Окружённый с трёх сторон горной грядой, Галикарнас обращён к югу — к спокойным водам Керамского залива. Впрочем, тот, кто хочет увидеть открытое море, должен подняться в верхнюю часть города. Только при взгляде оттуда суша, как бы сдавившая Керамский залив в своих объятиях, немного ослабляет свой захват, приоткрывая простор Эгеиды. Но и тогда смотрящий может, скорее, почувствовать его, чем созерцать во всей шири, так как морской окоём едва ли не на всём его протяжении загораживает холмистая громада острова Кос.

Место это знаменито в преданиях эллинов. Во времена гигантомахии возле его берегов Посейдон Амфибей расправился с гигантом Полиботом, сыном матери-земли Геи. Лазурнокудрый бог оправдал своё грозное имя — «колебатель земли». Своим острым трезубцем он отколол от Коса огромную скалу и придавил ею Полибота. Так возник соседний остров Нисирос. В дальнейшем жители Коса прогневали Геракла: приняв его корабль за пиратский, они бросали в него камни, не позволяя пристать к берегу. С невероятным трудом Гераклу удалось одержать верх над обидчиками. Он убил косского царя Еврипила и взял в жёны его дочь Халкиопу.
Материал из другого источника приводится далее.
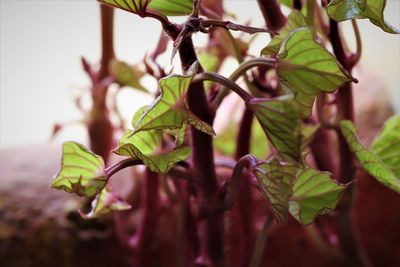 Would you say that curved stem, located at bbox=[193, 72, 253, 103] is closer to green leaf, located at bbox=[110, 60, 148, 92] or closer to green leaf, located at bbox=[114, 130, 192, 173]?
green leaf, located at bbox=[114, 130, 192, 173]

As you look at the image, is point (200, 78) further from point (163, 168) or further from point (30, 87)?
point (30, 87)

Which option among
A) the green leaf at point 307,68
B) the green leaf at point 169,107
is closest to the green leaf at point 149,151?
the green leaf at point 169,107

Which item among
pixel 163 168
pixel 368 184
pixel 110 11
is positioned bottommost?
pixel 368 184

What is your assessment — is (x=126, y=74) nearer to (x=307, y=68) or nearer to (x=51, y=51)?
(x=307, y=68)

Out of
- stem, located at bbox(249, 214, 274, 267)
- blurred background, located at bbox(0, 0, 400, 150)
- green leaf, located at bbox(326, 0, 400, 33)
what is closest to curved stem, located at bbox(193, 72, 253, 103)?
green leaf, located at bbox(326, 0, 400, 33)

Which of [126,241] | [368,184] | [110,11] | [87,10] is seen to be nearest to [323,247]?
[368,184]

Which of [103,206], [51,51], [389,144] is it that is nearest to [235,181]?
[103,206] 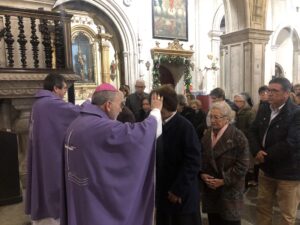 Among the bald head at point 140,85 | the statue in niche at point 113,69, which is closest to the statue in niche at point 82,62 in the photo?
the statue in niche at point 113,69

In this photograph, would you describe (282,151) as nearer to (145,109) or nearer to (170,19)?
(145,109)

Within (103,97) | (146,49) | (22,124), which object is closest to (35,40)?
(22,124)

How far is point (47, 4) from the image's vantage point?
486 cm

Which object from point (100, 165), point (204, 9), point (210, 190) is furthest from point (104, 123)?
point (204, 9)

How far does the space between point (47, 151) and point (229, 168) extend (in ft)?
6.24

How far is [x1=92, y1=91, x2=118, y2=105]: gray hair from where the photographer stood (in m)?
2.23

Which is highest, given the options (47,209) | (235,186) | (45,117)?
(45,117)

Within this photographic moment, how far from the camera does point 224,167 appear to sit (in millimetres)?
2666

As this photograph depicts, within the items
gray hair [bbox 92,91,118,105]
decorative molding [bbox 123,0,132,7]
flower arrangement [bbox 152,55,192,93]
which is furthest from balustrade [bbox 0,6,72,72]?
flower arrangement [bbox 152,55,192,93]

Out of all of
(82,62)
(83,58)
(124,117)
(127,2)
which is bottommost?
(124,117)

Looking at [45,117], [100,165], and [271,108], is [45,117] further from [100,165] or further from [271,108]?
[271,108]

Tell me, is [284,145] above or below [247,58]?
below

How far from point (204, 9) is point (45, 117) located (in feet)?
41.0

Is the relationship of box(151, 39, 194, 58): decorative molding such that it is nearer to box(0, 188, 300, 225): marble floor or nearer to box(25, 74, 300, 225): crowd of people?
box(0, 188, 300, 225): marble floor
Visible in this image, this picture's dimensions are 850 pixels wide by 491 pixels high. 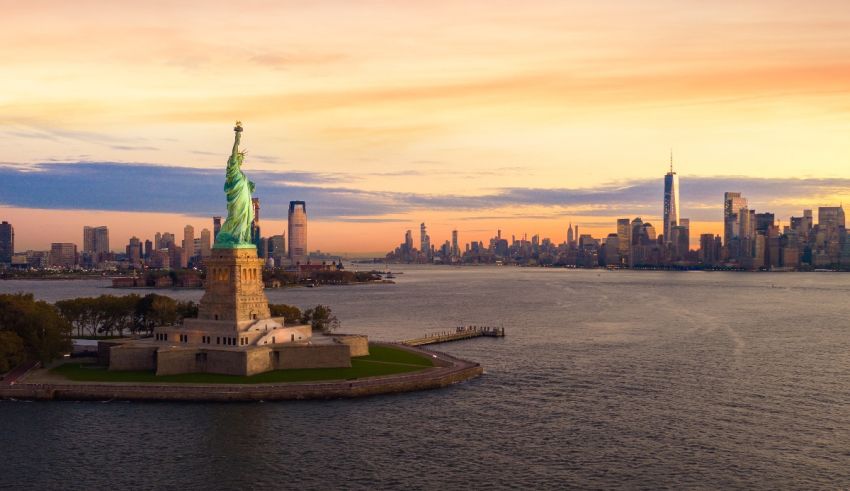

Когда же пришёл черед общегреческого похода на Илион, Кос снарядил свои корабли, упомянутые Гомером в незабвенном перечне эллинской флотилии.

С тех пор утекло много воды, и ко времени рождения Геродота Кос славился двумя вещами: знаменитым на всю Элладу храмом Асклепия[4] и дорогими прозрачными тканями — платья, сшитые из них, обнажали тело, вместо того чтобы скрыть его, и потому были любимым одеянием гетер.

Первые эллины высадились на землю Галикарнаса спустя много лет после Троянской войны. Это были выходцы из Арголиды[5].

До прихода эллинов юго-западную оконечность Азии вместе с близлежащими островами населяли карийцы. Именно их греки впервые назвали «варварами». Название области Кария на их языке означало верхушку, маковку. Когда-то они, в свою очередь, подчинили здешних туземцев — лелегов. В прошлом карийцы были столь воинственны, что, даже покорившись царю Миносу[6], не платили никакой дани, а лишь поставляли гребцов для его кораблей. В пору своего могущества карийцы изобрели три вещи, — султаны на шлемах, эмблемы на щитах и ручки на внутренней стороне щитов, под левую руку (прежде щит крепился на кожаную перевязь, которую надевали через плечо). Впоследствии эллины переняли от них эти нововведения. Особенно пригодилась рукоятка на щите — именно она позволила построить гоплитов[7] в несокрушимую фалангу.

Карийцы пришли на помощь Трое, тем самым связав свою судьбу с судьбой поверженного города. Победа эллинов надломила их могущество. Однако и после того, как карийцы утратили независимость, иноземные правители охотно нанимали их на службу.

Первые колонисты из Трезена высадились на острове Зефирий (позднее его соединили с материком узким перешейком), у входа в удобную бухту, прямо напротив небольшого карийского городка Салмакиса. Прошло немало времени, прежде чем оба поселения слились в один город под названием Галикарнас. Смешалось и его население — греки из Зефирия и карийцы из Салмакиса породнились благодаря многочисленным бракам. Из-за этого соседние эллины из дорийского Шестиградья[8] относились к галикарнасцам с предубеждением и однажды, воспользовавшись случаем, исключили их из своего союза. Впрочем, это не помешало Галикарнасу добиться процветания, которое сделало его столицей властителей Карии. Первым из них был кариец Лигдамид, женатый на гречанке. Их дочь получила имя Артемисия. После кончины своего супруга она взяла верховную власть в свои руки.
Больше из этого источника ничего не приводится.